Safer Sex? Public Prostitution Houses

A new sex market in Zurich, Switzerland has caused a lot of buzz lately in the media.  Zurich is instituting a public meeting place, or several “sex boxes” where prostitution can take place in a safer environment.  In Switzerland it is not illegal to be a prostitute, so the goal of this new institution is to provide a safer working place for prostitutes, while also cleaning up the streets.

Some citizens are upset because they are institutionalizing prostitution, while others are happy to see less pimping on street corners and a more sanitary situation.  To those that say a public sex market patrolled by public workers is immoral, one could say that it is immoral to not allow citizens to work.  Being a person who gets paid for sex is a job.  It may not be a job you and I may want, but it is a job that some people may have a comparative advantage at or a preference for.  Further, the demand is there.  People want sex all the time and people ARE WILLING to pay for it.  So, why when a market for sex emerges do people cringe at the idea of legal prostitution? In Switzerland legalization is not an issue where in the United States it is (minus some counties surrounding Las Vegas). However, the issue in Switzerland is whether the government publicizing sex by means of “sex boxes” with bathrooms for sanitation purposes and patrols to ensure the safety of workers is wrong and will actually address the issue of prostitution safety that it was intended to.

First, the idea that these public “sex boxes” won’t be exposed to pimps is far-fetched.  Pimps can still come to collect money and even try to pay off the public workers that are intended to protect prostitutes.  Even if this is not the case, couldn’t public workers essentially turn into pimps since they are playing a similar role to pimps in that they provide security?  It would just transfer the private black market job of pimping to a public worker, which will force the former street pimp to either find a new job or turn into different black market activities.

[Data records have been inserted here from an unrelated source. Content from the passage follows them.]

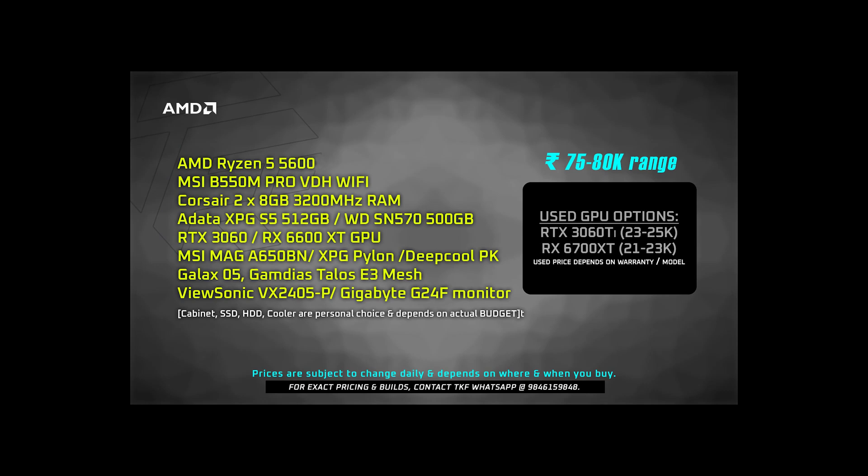For the AMD Ryzen variant of the 75K build, it's a slightly editing-specific build. I recommend the Ryzen 5 5600X processor. For 3,000 rupees extra over the Intel build, the 5600X is the best choice. The motherboard recommendation is the MSI B550M Pro VDH Wi-Fi, which is in the 10,500 range. Other specs are almost similar. For the monitor, consider spending a little more — the Gigabyte G24F model is a great option. The Viewsonic monitor also has strong reviews and is worth testing.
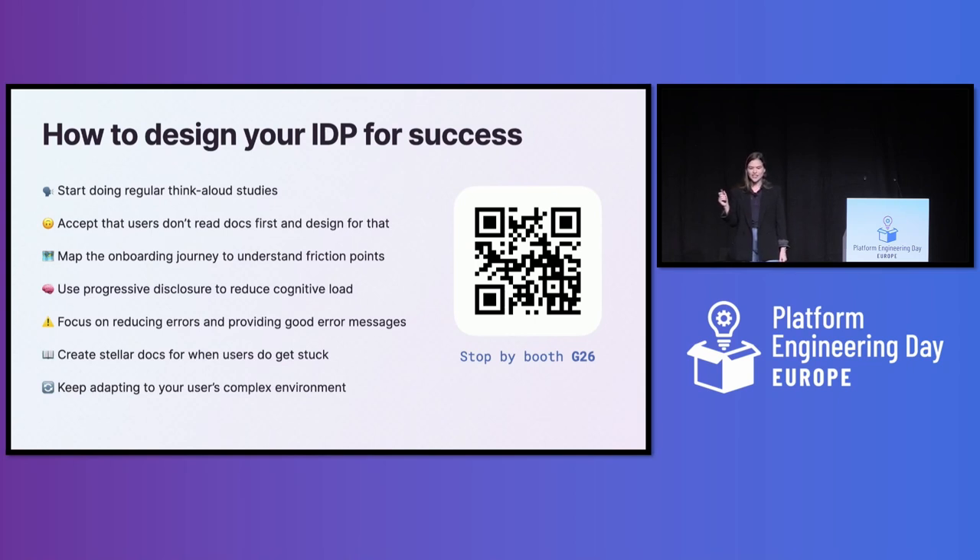Here's a cheat sheet of what we've covered today. The slides are available to download at the QR code, and I'd love your feedback on the presentation. I'll be at booth G26 all week, so come and ask any questions there as well. Thank you so much.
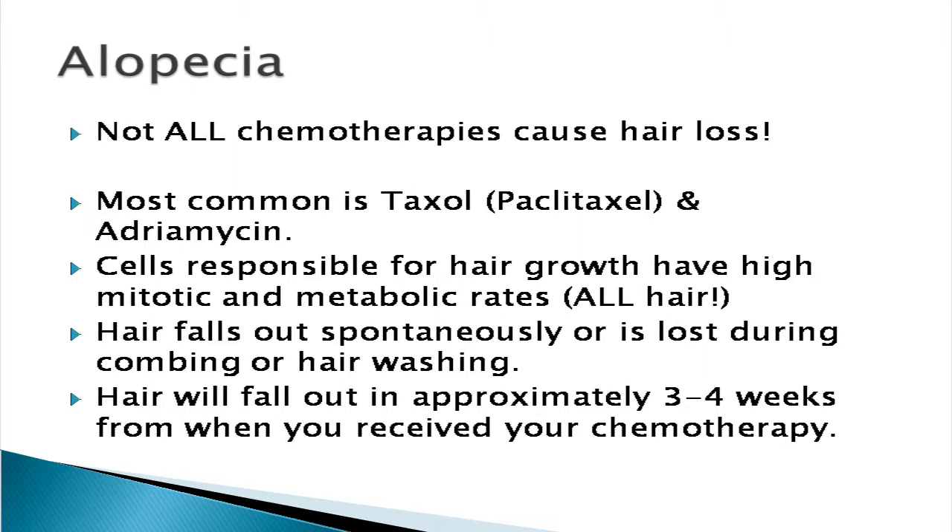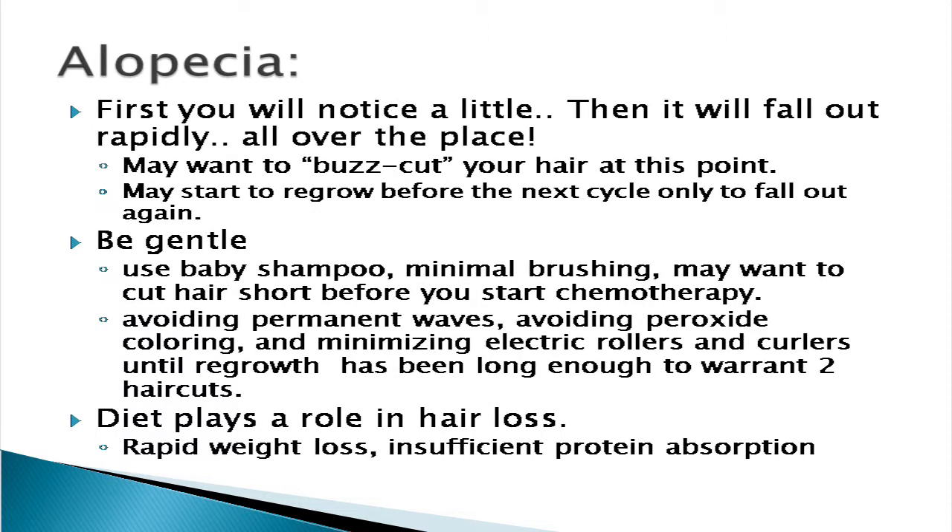Hair falls out spontaneously or it's lost when you're combing or washing your hair. In general it's going to start falling out pretty heavily about three to four weeks after you've received that first dose of Paclitaxel. First you'll notice a little bit falling out, which is annoying when it gets on your coat, clothes, and pillow. But then all of a sudden it's going to start coming out in big clumps.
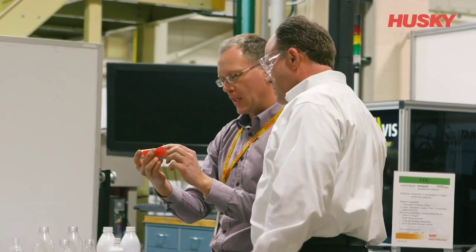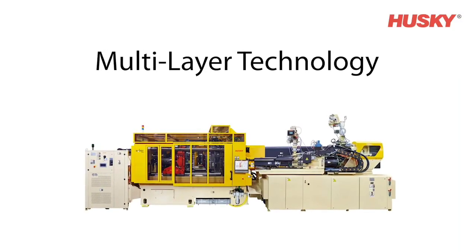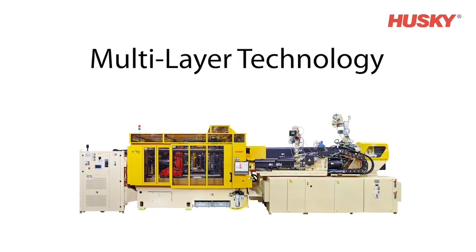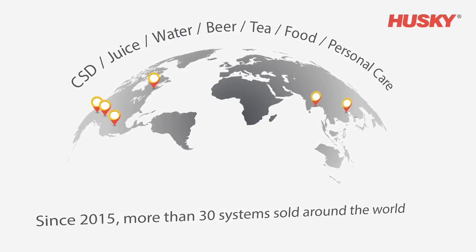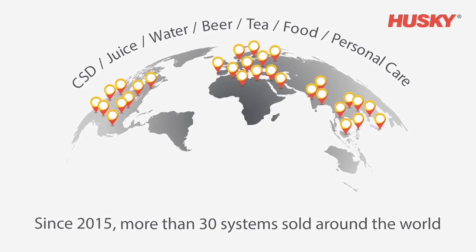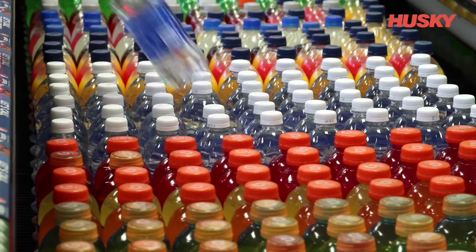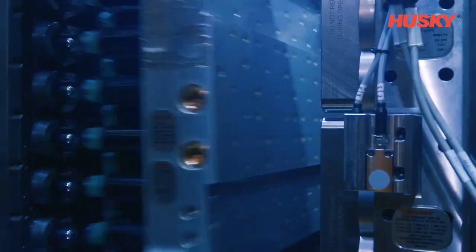Hi, I'm Ross Perry with Husky Injection Molding Systems. At the packaging conference last year I spoke about Husky's new multi-layer preform molding technology — an exciting development that we said would unlock opportunities in PET packaging. Since that time we have sold over 30 multi-layer preform systems around the world in applications ranging from food and beverage to consumer products. Now we're ready to take that to the next level.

Second, the issue that prostitutes were having sex in open areas and urinating on the streets may not be resolved by “sex boxes” that have café, bathrooms, a shower and tables.  Although these seem like nice amenities, the cleanliness of the facilities is unlikely to be cleaner then a grassy park area.  Sure the Zurich public gardens and streets may be cleaner for citizens with the loss of street corner prostitutes, but those gardens are probably more sterile than any “sex box”, bathroom or table at a public prostitution house. Further, the “sex boxes” are sheds with no doors, allowing easy entry from other clients or public workers.  In terms of prostitution safety, I am unsure of whether easy access all-around provides a more sanitary situation.

Now, the other goal of public prostitution houses is to reduce prostitution seen on the streets and in this case, that may be possible (and for taxpayers who are shelving $760,000/year to keep it running they certainly hope so), but it is unlikely.  Prostitutes are likely to relocate as a new marketplace for sex opens up, but I don’t think it will move all prostitutes to these public houses despite a meager $43 for a prostitute license fee.  Instead there may just be a move to relocate prostitutes off the streets in massage parlors or other private places by pimps who are scared to lose their jobs.  Contrarily, having easier access off of a road to prostitutes may actually increase the demand for prostitutes and thus encourage more people to enter into the market, which may altogether not change the amount of prostitutes on the streets.

Despite the perhaps good intentions of public prostitution houses, it is unlikely that the safety of prostitutes or the street sanitation issue will be enhanced in Zurich with the new “sex boxes”.